## RECORD EXCERPTS
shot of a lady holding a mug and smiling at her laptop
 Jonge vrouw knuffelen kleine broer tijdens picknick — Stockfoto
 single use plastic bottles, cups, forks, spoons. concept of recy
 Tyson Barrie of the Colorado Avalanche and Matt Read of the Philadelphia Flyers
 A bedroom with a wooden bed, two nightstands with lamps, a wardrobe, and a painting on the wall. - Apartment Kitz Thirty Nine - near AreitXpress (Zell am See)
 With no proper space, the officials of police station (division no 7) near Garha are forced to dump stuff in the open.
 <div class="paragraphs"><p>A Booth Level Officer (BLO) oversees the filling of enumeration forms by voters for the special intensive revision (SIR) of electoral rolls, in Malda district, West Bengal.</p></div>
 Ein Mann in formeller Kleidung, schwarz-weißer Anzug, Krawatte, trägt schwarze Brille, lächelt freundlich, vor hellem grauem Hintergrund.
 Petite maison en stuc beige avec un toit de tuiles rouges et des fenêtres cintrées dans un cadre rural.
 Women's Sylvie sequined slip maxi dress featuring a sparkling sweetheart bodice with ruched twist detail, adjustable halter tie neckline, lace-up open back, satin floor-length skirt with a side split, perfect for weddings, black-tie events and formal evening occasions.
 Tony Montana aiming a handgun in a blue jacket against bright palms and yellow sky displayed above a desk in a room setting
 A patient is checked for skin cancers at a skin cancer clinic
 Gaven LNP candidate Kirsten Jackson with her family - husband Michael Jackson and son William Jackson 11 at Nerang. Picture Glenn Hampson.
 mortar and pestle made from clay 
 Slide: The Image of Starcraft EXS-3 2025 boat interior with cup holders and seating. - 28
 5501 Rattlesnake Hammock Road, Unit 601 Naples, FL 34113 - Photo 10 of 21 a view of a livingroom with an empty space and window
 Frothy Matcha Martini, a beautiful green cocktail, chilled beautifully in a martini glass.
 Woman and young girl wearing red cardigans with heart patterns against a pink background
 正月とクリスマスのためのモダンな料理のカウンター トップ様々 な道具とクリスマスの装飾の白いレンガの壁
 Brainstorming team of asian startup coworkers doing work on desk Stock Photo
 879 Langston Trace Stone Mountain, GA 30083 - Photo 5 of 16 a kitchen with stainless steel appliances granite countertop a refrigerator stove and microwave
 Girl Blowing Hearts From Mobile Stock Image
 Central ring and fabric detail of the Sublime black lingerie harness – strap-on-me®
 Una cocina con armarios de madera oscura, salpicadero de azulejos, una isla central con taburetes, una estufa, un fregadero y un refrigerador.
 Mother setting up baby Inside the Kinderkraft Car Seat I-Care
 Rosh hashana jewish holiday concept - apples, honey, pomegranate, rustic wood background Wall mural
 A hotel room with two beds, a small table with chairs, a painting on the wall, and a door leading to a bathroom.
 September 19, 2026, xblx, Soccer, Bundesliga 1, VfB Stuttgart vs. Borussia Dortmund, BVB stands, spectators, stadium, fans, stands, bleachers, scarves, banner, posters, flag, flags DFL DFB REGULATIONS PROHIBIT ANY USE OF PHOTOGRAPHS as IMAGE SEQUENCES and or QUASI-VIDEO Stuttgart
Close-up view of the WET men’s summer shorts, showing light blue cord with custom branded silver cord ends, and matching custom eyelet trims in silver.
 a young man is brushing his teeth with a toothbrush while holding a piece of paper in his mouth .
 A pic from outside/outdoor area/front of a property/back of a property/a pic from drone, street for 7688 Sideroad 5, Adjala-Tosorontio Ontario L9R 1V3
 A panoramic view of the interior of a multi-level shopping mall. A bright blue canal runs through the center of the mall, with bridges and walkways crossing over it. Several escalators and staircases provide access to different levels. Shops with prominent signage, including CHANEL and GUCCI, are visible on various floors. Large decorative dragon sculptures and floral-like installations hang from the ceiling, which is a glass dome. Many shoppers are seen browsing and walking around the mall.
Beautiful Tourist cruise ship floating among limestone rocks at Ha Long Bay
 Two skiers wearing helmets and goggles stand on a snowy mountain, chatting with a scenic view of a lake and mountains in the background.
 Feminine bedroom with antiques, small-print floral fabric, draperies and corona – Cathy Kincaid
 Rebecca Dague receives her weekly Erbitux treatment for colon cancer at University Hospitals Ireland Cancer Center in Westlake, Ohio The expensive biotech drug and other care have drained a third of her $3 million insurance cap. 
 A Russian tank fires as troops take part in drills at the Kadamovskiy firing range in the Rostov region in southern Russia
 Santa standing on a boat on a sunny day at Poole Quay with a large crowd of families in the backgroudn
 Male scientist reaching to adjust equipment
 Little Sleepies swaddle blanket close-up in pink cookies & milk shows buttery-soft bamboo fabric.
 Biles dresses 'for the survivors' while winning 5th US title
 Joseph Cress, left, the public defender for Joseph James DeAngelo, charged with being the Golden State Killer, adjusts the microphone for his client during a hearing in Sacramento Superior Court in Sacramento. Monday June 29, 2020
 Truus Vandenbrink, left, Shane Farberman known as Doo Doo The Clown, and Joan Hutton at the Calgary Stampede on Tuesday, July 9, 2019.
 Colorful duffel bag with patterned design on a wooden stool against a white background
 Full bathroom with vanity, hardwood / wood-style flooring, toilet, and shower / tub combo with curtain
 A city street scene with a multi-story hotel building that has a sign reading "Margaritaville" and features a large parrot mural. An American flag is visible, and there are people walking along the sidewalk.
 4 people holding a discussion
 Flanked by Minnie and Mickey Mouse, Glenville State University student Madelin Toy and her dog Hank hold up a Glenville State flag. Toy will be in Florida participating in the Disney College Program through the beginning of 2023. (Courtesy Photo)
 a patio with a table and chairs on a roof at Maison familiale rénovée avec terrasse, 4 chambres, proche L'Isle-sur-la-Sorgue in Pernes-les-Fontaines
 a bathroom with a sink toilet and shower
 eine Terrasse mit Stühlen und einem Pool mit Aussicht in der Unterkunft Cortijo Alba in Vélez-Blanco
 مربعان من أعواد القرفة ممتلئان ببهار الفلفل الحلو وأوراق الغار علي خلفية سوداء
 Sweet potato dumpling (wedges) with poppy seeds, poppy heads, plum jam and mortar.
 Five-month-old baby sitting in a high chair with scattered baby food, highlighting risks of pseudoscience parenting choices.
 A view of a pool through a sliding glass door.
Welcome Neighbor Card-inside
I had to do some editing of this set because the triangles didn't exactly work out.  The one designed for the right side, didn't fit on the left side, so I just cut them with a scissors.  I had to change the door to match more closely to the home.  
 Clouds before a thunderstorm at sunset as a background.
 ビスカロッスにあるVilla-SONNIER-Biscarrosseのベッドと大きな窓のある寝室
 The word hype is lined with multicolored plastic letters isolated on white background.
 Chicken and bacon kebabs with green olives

## WHAT YOU NEED TO DO
Return exactly the lines that run from the top of the listing above to the line containing "Tyson Barrie of", please, keeping both end lines and leaving out everything else.

## ANSWER
shot of a lady holding a mug and smiling at her laptop
 Jonge vrouw knuffelen kleine broer tijdens picknick — Stockfoto
 single use plastic bottles, cups, forks, spoons. concept of recy
 Tyson Barrie of the Colorado Avalanche and Matt Read of the Philadelphia Flyers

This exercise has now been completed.